▶ _Problem_:
Could every line of the data be copied out once more, exactly?

────

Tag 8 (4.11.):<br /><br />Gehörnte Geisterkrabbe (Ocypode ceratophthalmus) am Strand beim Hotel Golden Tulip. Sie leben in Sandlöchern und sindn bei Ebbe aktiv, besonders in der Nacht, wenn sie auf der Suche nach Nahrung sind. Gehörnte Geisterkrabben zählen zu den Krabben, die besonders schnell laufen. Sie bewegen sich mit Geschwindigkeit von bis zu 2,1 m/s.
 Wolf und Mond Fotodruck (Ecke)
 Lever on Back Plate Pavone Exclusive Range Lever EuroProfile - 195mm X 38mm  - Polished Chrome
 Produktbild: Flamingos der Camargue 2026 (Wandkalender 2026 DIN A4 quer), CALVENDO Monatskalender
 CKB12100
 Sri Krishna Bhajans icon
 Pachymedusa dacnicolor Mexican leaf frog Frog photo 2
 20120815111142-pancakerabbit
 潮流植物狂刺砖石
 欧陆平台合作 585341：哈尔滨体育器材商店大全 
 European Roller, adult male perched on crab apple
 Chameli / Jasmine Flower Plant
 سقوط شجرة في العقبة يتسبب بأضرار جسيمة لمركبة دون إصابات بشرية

────

▶ _Answer to this problem_:
Tag 8 (4.11.):<br /><br />Gehörnte Geisterkrabbe (Ocypode ceratophthalmus) am Strand beim Hotel Golden Tulip. Sie leben in Sandlöchern und sindn bei Ebbe aktiv, besonders in der Nacht, wenn sie auf der Suche nach Nahrung sind. Gehörnte Geisterkrabben zählen zu den Krabben, die besonders schnell laufen. Sie bewegen sich mit Geschwindigkeit von bis zu 2,1 m/s.
 Wolf und Mond Fotodruck (Ecke)
 Lever on Back Plate Pavone Exclusive Range Lever EuroProfile - 195mm X 38mm  - Polished Chrome
 Produktbild: Flamingos der Camargue 2026 (Wandkalender 2026 DIN A4 quer), CALVENDO Monatskalender
 CKB12100
 Sri Krishna Bhajans icon
 Pachymedusa dacnicolor Mexican leaf frog Frog photo 2
 20120815111142-pancakerabbit
 潮流植物狂刺砖石
 欧陆平台合作 585341：哈尔滨体育器材商店大全 
 European Roller, adult male perched on crab apple
 Chameli / Jasmine Flower Plant
 سقوط شجرة في العقبة يتسبب بأضرار جسيمة لمركبة دون إصابات بشرية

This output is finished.